At the top right of my matrix you will find analytics and AI. It was not there when I first created the model 6 years ago. But now that we live in such a complex world, and we work in even more complex environments, it will be a matter of time before we will need the help of an AI based coach. In a strategy paper on learning analytics I’m preparing for a client, I’ve introduced a value chain that starts with making decisions based on intuition (basically our personal capacity to process data and derive conclusions from it) and ends with cognitive AI. Cognitive AI is the type of artificial intelligence that aims to develop AI that has the human ability for cognition and has the ability to “perceive, understand, correlate, learn, teach, reason, and solve problems faster than existing AI solutions”. The example I use is a fully personalized assistance that helps you develop skills: “Todays presentation was much better as I noticed the attention span of the audience was up 75%. Your reduced elevated heart rate and stable eye movements showed that you were much more relaxed and confident. However, you did struggle with explaining the concept of cognitive AI so let’s practice a bit more over the coming weeks”

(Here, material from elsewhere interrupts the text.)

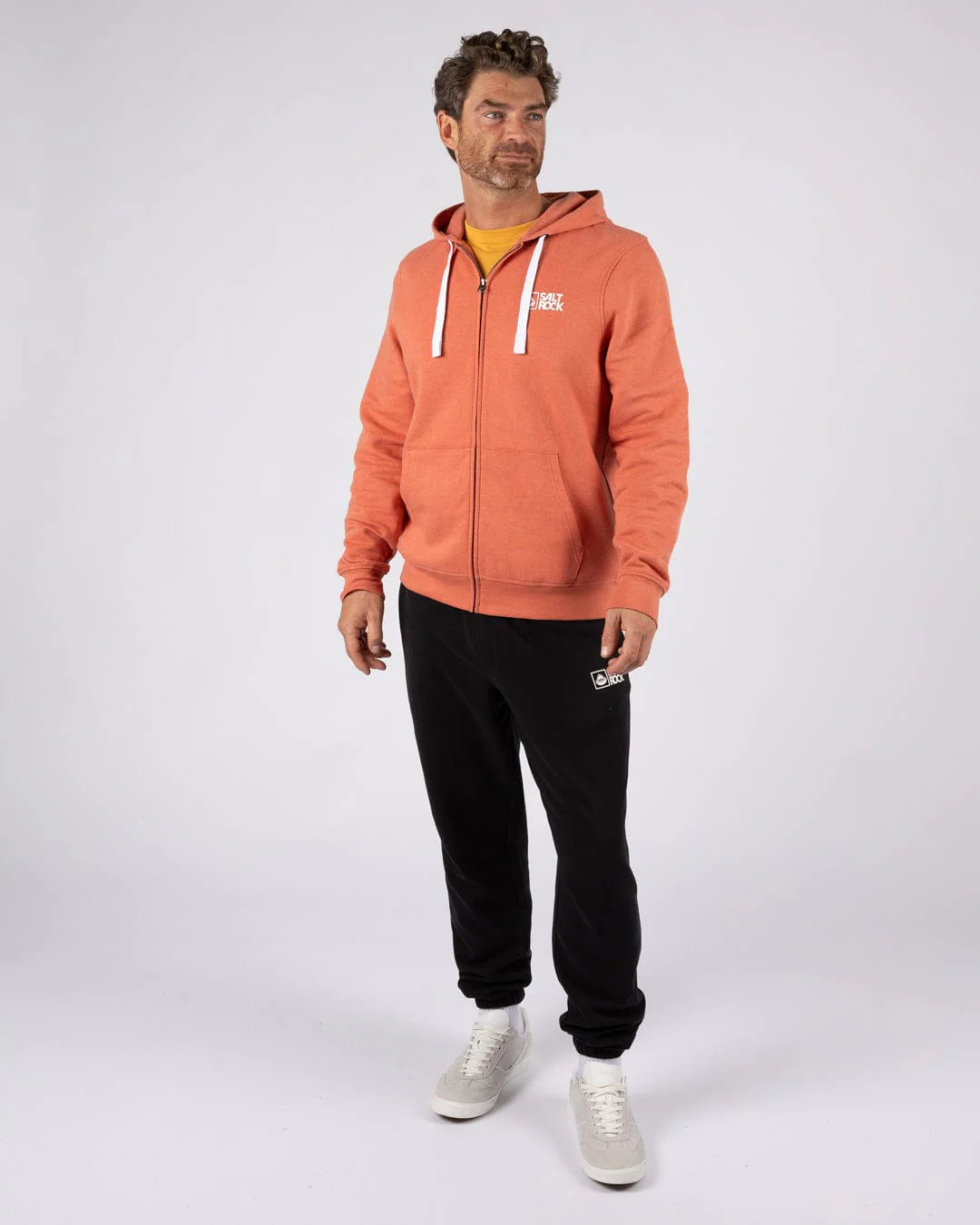 Essential Mens Zip Hoodie in Orange - Image 6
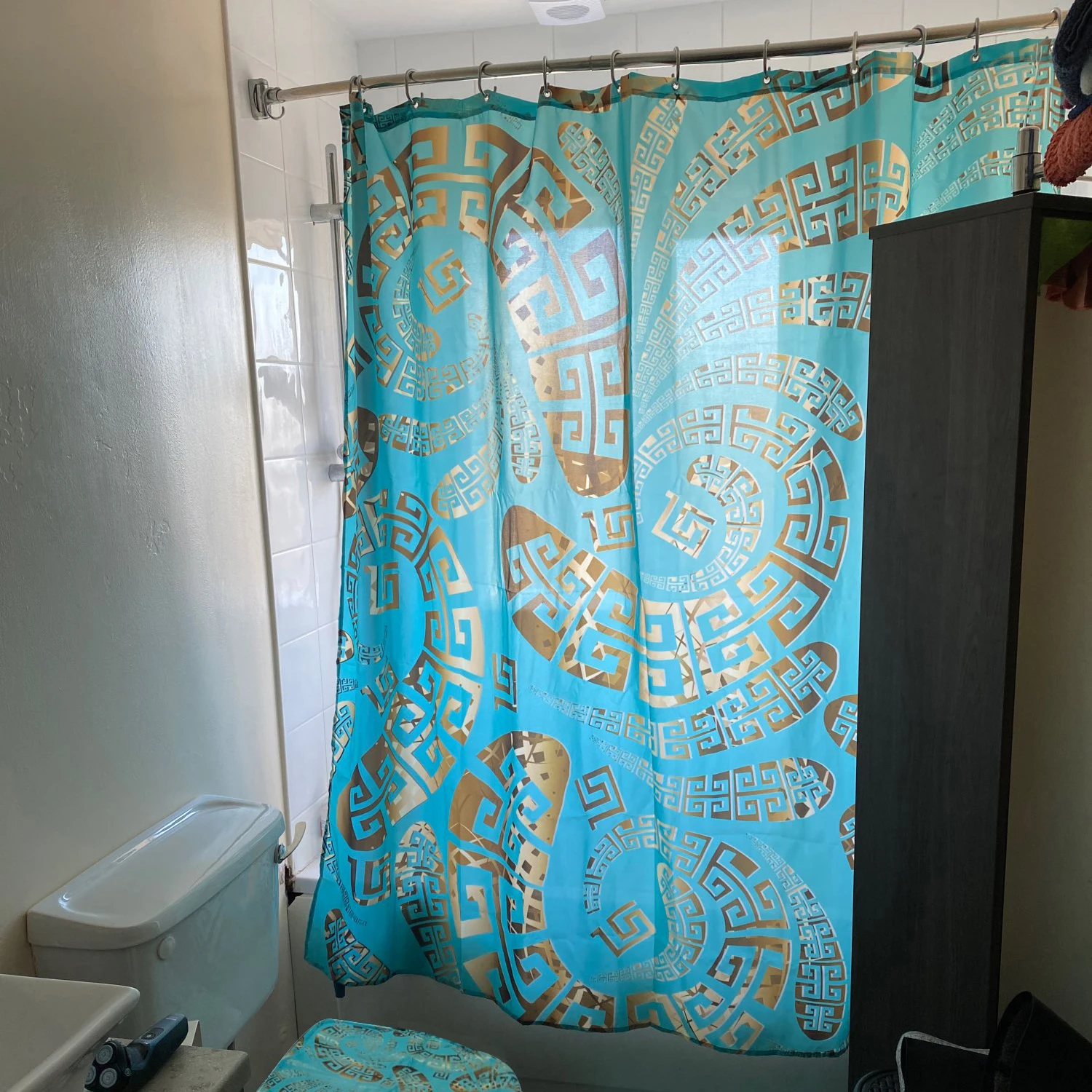 3D Luxury Black Gold Greek Key Meander Bathroom Curtains Shower Curtain Set for Bathroom Modern Geometric Ornate Bath Rug Decor shower curtains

The attention to skill based HR is great and much needed. However if we want to take building skills in our organization serious we need much more than technology. Doing this right is not just a matter of buying new technology and 3rd part training catalogs. It is much more complicated than many technology providers wants us to believe. (1) we need to have a clear strategy and approach on assessing current skills that is efficient, effective and easy to ‘pick up and move’, (2) we need to use the right instructional design methodologies for supporting skill development, not just rely on video and simple online training, (3) we need to look beyond the traditional scope of L&D and (4) we need to prepare for AI.